堀北が俺に少しは興味を持ってくれたということだろうか。
「そうだな。バスケット、バレー、ロードレース、サッカー、野球、卓球、水泳、合気道、剣道くらいかな」
「そ、そう……。た、沢山経験してるのね……」
あれ、引かれてる?
おかしいなあ。特に引かれるようなことは言ってないと思うんだが。
「そんな多くのスポーツを経験してるとは凄いな」
堀北に引かれた原因を考えていると、綾小路に声をかけられた。
俺のスポーツ経験の豊富さに感心してくれてるようだ。
よし、このまま自己紹介して交流を深めるぞ。
「ありがとう。俺の名前は界外帝人。よろしく」
「綾小路清隆だ。よろしく頼む」
やったぜ。とうとう男子から直接名前を教えてもらったぞ。
なんだか綾小路とは仲良くなれそうな気がする。根拠はないけれど。
後で連絡先を聞いておこう。
「そういえば堀北は何で俺のスポーツ経験なんて聞いたんだ?」
綾小路との自己紹介を終えたところで、堀北に質問の意図を聞いてみる。
「アスリートのような体つきをしてたからよ」
「なるほど。堀北は筋肉フェチなのか」
「違うわ」
速攻で否定された。
「よーし、お前ら集合しろ」
マッチョ体型のおっさん教師が集合をかけ授業が始まる。
何だかPK学園にいそうな体育教師だな。
「見学者は16人か。随分と多いようだが、まぁいいだろう。準備体操を終えたら、早速泳いでもらう」
「あの、俺あんまり泳げないんですけど……」
「俺が担当するからには、必ず夏まで泳げるようにしてやる。安心しろ」
「どうせ海なんて行かないし、無理して泳げるようにならなくてもいいんですけど」
「そうはいかん。今は苦手でも構わんが、克服はさせる。泳げるようになれば必ず役に立つからな。必ず、な」
教師の説明が終わり、全員で準備体操を始める。それから50mほど流して泳ぐように指示される。
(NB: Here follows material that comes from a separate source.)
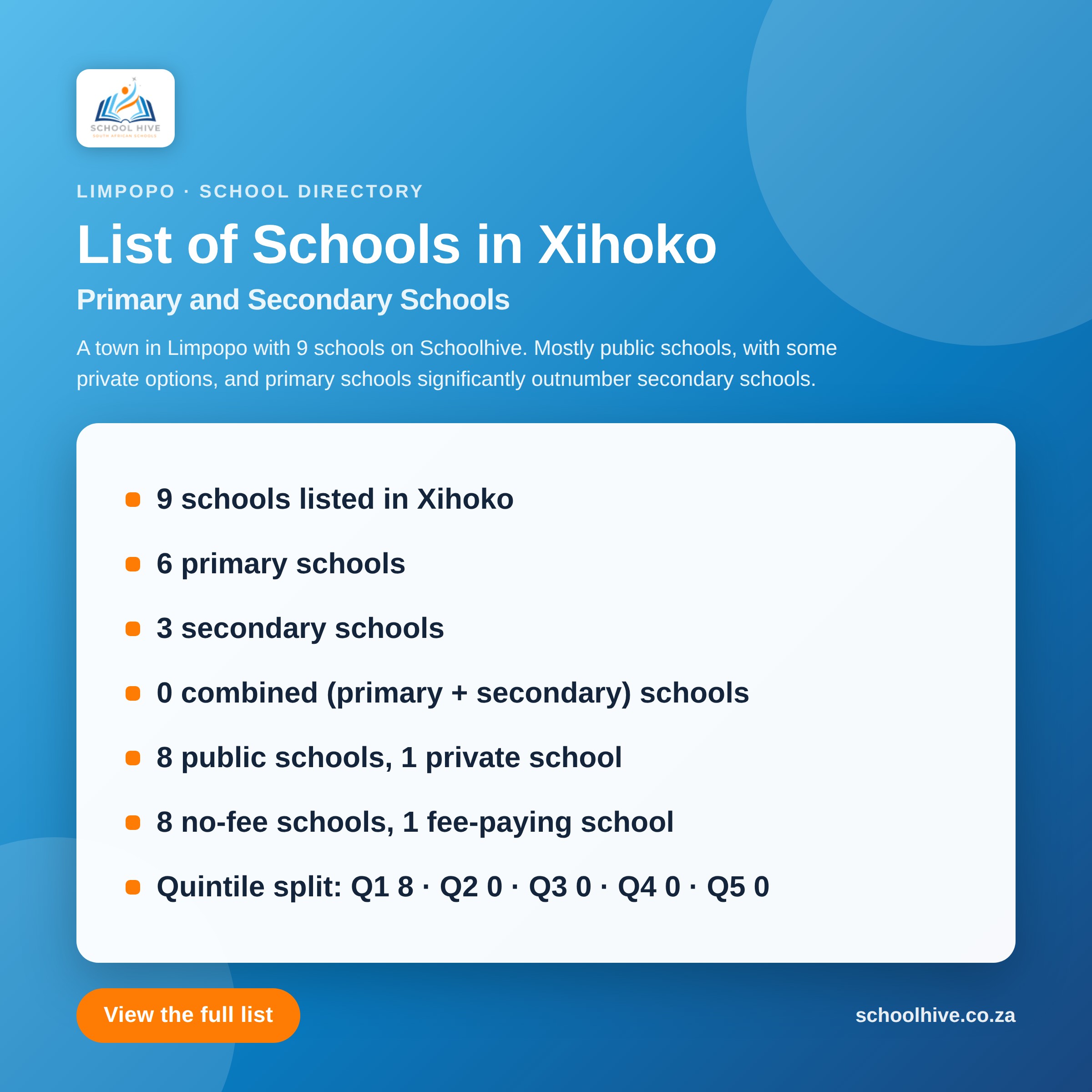 List of schools in Xihoko -- Schoolhive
俺は綾小路と一緒に軽く泳ぎ、全員が終えるのを待った。
「とりあえずほとんどの者が泳げるようだな。では早速だがこれから競争をする。男女別50m自由形だ」
自由形だと? つまりフリー。
フリーしか泳がない俺にうってつけの競争じゃないか。ふふふ、勝ったな。
「急ににやついてどうしたの? 気味が悪いのだけれど」
堀北が何か言ってるようだが気にしない。
久しぶりに水に飢えてやろうじゃないか。
「1位になった生徒には、俺から特別ボーナス、5000ポイントを支給しよう。一番遅かった者は、補習を受けさせるからな」
しかも1位に5000ポイントの特別ボーナスだと。
今日はついてるな。堀北、綾小路と交流を深め、5000ポイントもゲットときた。
「堀北、綾小路」
「なに?」
「どうした?」
「明日の昼食奢ってやる。好きなもの頼んでいいぞ」
「え、いいのか?」
「大した自信ね。もう勝った気でいるのかしら」
「俺に勝てるのは俺だけだからな」
30分後。頭を抱えて崩れている少年がいた。ていうか俺だった。
俺は予選を圧勝したものの、決勝では高円寺に競り負け、僅差の2位でレースを終えた。
「惜しかったな」
顔をあげられない俺を綾小路が慰めてくれている。
ちなみに綾小路は予選で10位だったようだ。
「哀れね」
「うっ……」
「俺に勝てるのは俺だけ、だったかしら」
堀北が嘲笑しながら俺を見下ろしている。
死にたい……。
なんであんな調子に乗ったこと言ってしまったんだ。クラスメイトと会話が出来て浮かれていたんだろうな。
ていうかあの金髪、速すぎだろ。Wi-Fiの電波を気にしていそうな奴に似てるくせに。
「界外くん」
「……はい」
「明日、お昼楽しみにしてるわ」
「……はい」
明日はクラスメイトと一緒にランチだ。
嬉しいなあ。ははは。はぁ……。